Crawled caption data
--- --- ---

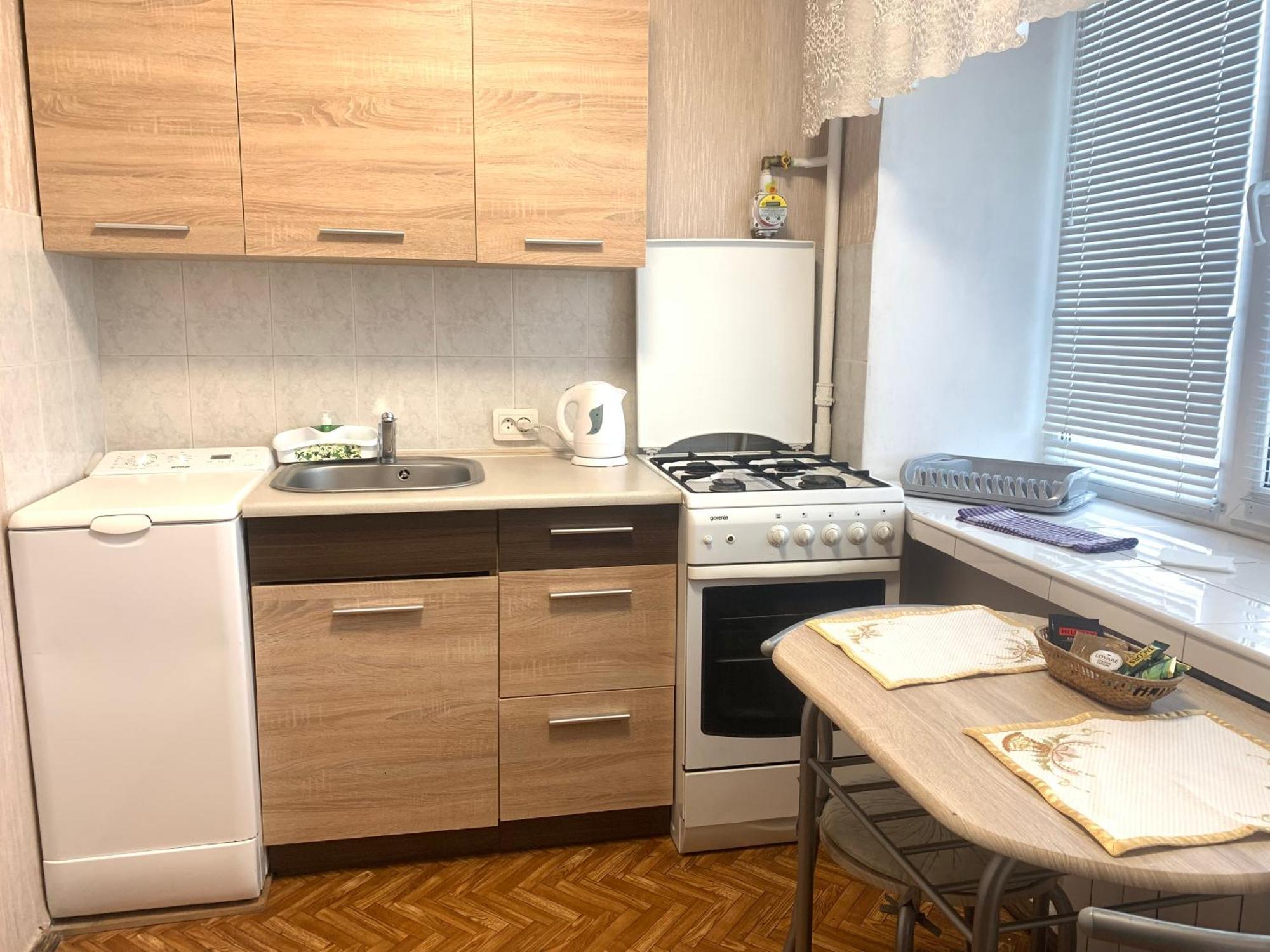 Apartment Podil Near Poschtova Square History Center Kyiv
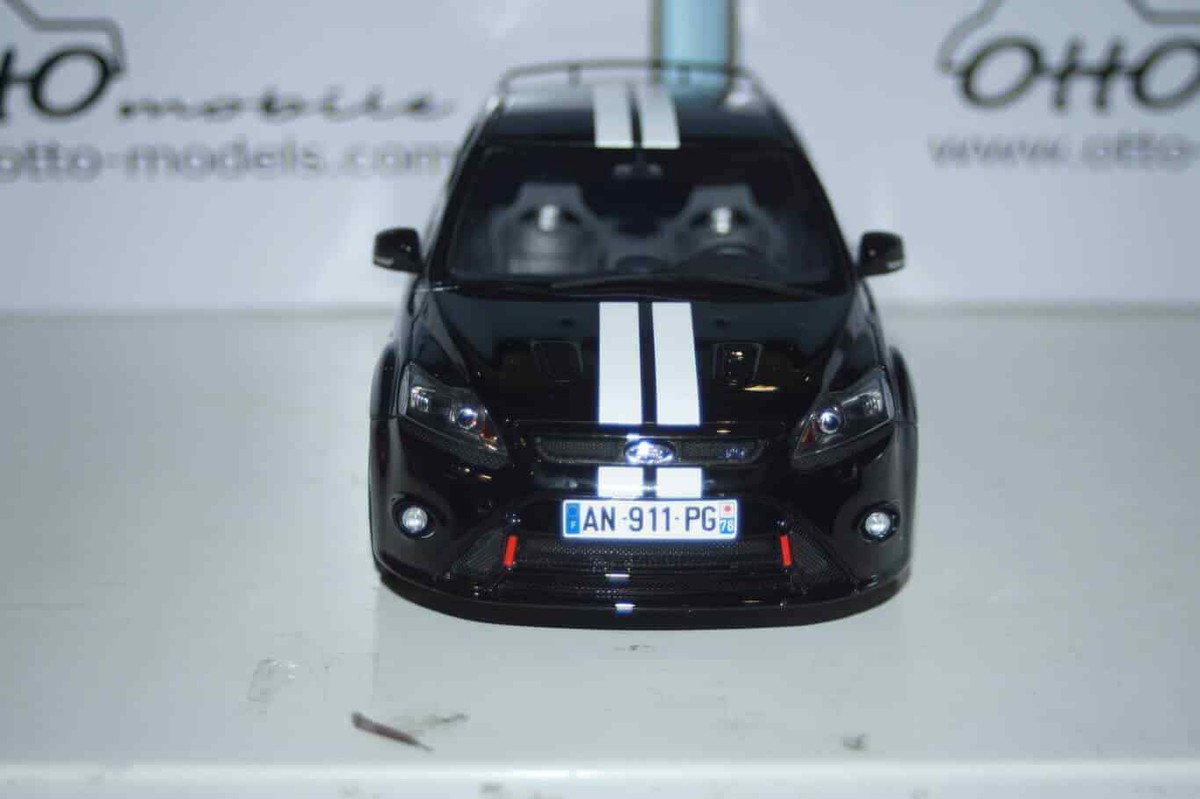 フォード フォーカス RS MK2 ル・マン 2010 1/18 オットー Ford Focus Mk2 RS Le Mans Blue 2010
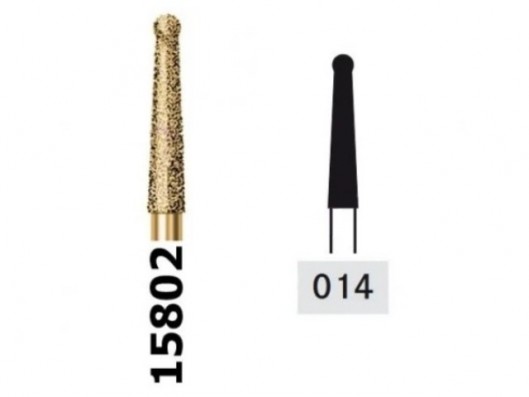 FRESA CONICA CON PUNTA...
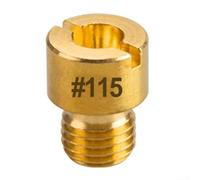 Kit principale del getto del carburatore alto per la sostituzione del veicolo senza cuciture (# 115)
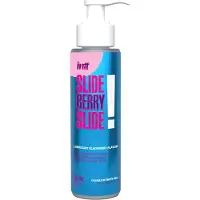 Intt Slide Berry - lubrifiant intime - mûre - 100ml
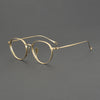 Katt Classic Oval Titanium Glasses Frame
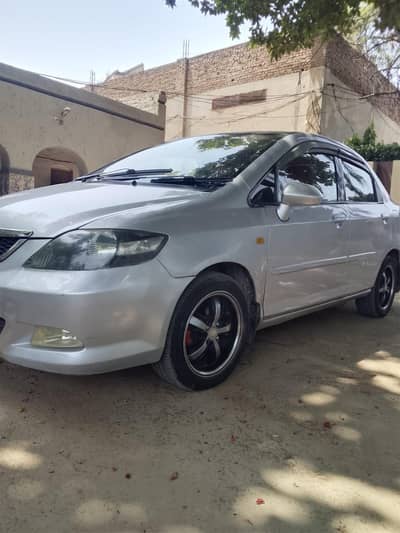 Honda City IDSI 2008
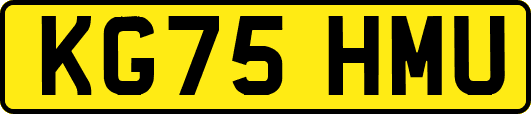 KG75HMU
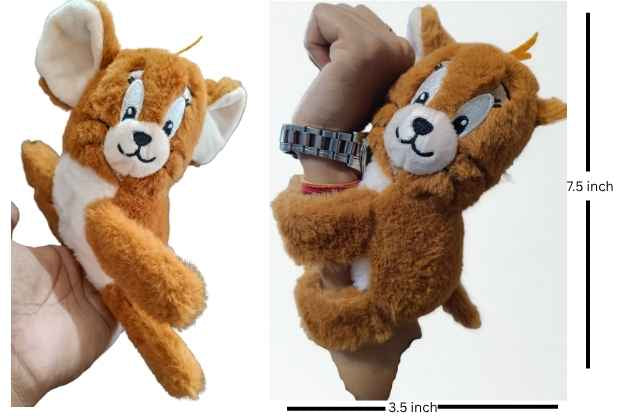 JERRY SLAP BAND SOFT TOY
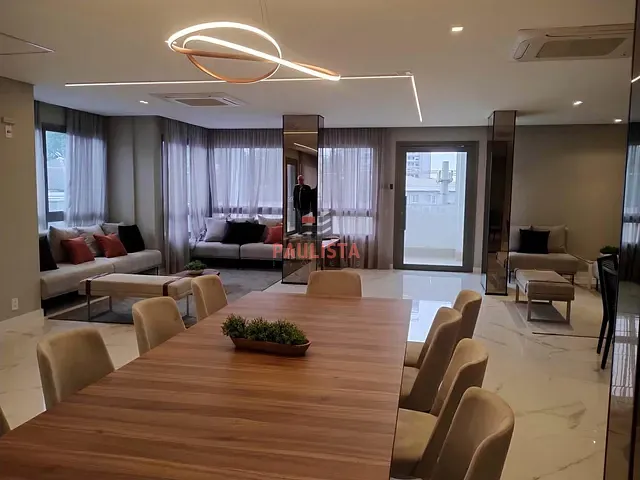 Apartamento 2 quartos e 3 banheiros, à venda, no bairro Vila Dom Pedro I em São Paulo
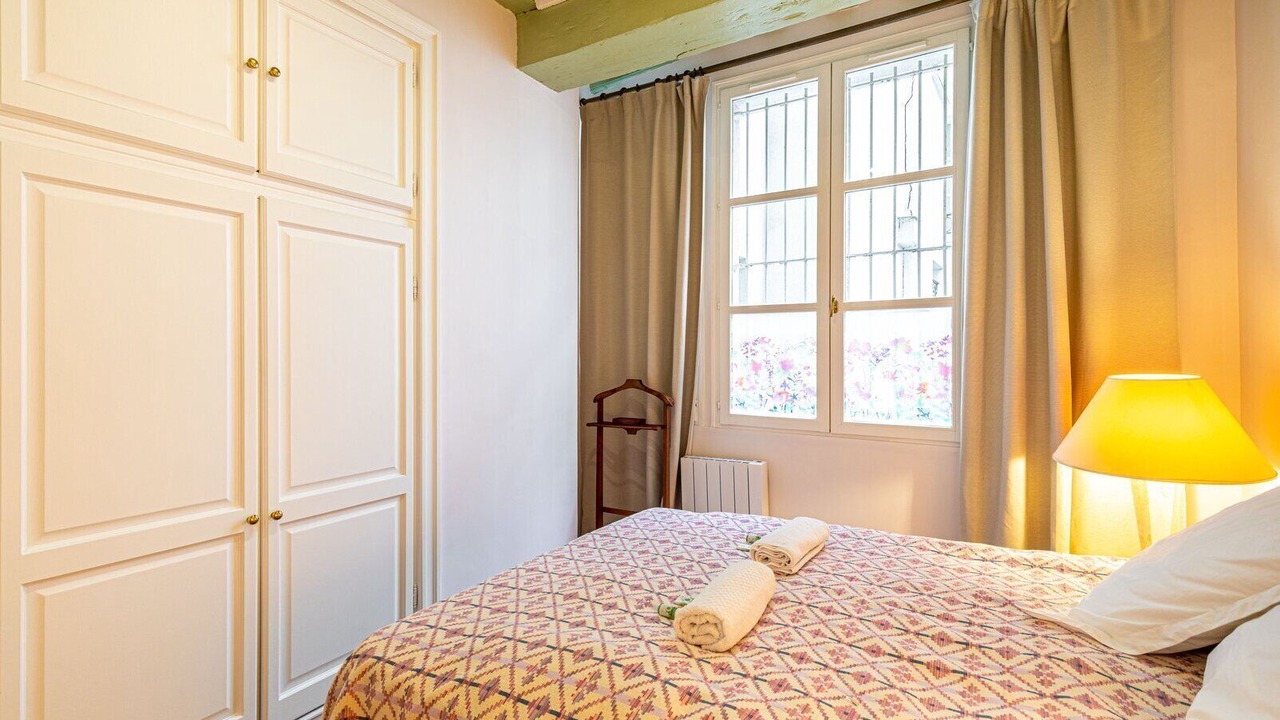 Photo of Bedroom in Les Halles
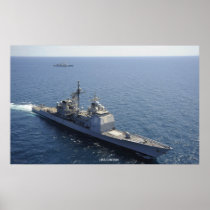 USS Chosin Print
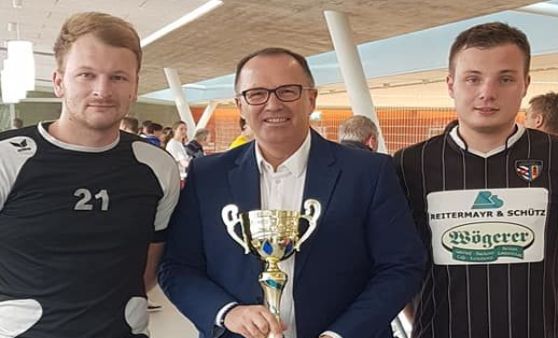8.Hallenturnier in Feldkirchen wird wieder ein voller Erfolg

--- --- ---

## ACTION ITEM
Set down each entry above exactly as it appears. Omit the pictures.

## TASK OUTPUT
 Apartment Podil Near Poschtova Square History Center Kyiv
 フォード フォーカス RS MK2 ル・マン 2010 1/18 オットー Ford Focus Mk2 RS Le Mans Blue 2010
 FRESA CONICA CON PUNTA...
 Kit principale del getto del carburatore alto per la sostituzione del veicolo senza cuciture (# 115)
 Intt Slide Berry - lubrifiant intime - mûre - 100ml
 Katt Classic Oval Titanium Glasses Frame
 Honda City IDSI 2008
 KG75HMU
 JERRY SLAP BAND SOFT TOY
 Apartamento 2 quartos e 3 banheiros, à venda, no bairro Vila Dom Pedro I em São Paulo
 Photo of Bedroom in Les Halles
 USS Chosin Print
8.Hallenturnier in Feldkirchen wird wieder ein voller Erfolg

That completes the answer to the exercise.